* _Exercise description_
Only the lines from the start of the entries up to and including the line with "Toàn Bộ Kính" should be written out, exactly as they stand.

Stored items from a collection:
▬▬▬

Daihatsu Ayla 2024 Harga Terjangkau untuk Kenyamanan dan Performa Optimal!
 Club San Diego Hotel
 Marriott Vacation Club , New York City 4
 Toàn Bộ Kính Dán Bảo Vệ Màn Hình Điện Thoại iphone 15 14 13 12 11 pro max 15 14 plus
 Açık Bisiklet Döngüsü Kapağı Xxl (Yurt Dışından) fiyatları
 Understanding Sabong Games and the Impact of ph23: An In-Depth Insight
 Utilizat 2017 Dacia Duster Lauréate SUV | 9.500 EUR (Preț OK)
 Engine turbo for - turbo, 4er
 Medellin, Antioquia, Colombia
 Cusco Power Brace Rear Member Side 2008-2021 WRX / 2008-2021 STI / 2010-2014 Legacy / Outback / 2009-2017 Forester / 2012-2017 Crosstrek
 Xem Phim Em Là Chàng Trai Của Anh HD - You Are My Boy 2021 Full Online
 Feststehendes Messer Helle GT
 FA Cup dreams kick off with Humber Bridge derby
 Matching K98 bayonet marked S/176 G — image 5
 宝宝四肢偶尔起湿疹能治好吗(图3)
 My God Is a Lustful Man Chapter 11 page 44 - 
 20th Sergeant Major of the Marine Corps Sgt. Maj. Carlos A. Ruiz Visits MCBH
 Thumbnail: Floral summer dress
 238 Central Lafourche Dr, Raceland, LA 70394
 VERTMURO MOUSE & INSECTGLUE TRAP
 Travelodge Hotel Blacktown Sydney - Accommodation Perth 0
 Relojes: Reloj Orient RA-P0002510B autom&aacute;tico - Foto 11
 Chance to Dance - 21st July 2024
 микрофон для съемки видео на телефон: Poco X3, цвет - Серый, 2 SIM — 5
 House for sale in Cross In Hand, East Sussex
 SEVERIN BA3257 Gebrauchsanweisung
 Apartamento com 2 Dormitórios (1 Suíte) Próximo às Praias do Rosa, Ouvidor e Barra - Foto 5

▬▬▬

* _Solution to this exercise_
Daihatsu Ayla 2024 Harga Terjangkau untuk Kenyamanan dan Performa Optimal!
 Club San Diego Hotel
 Marriott Vacation Club , New York City 4
 Toàn Bộ Kính Dán Bảo Vệ Màn Hình Điện Thoại iphone 15 14 13 12 11 pro max 15 14 plus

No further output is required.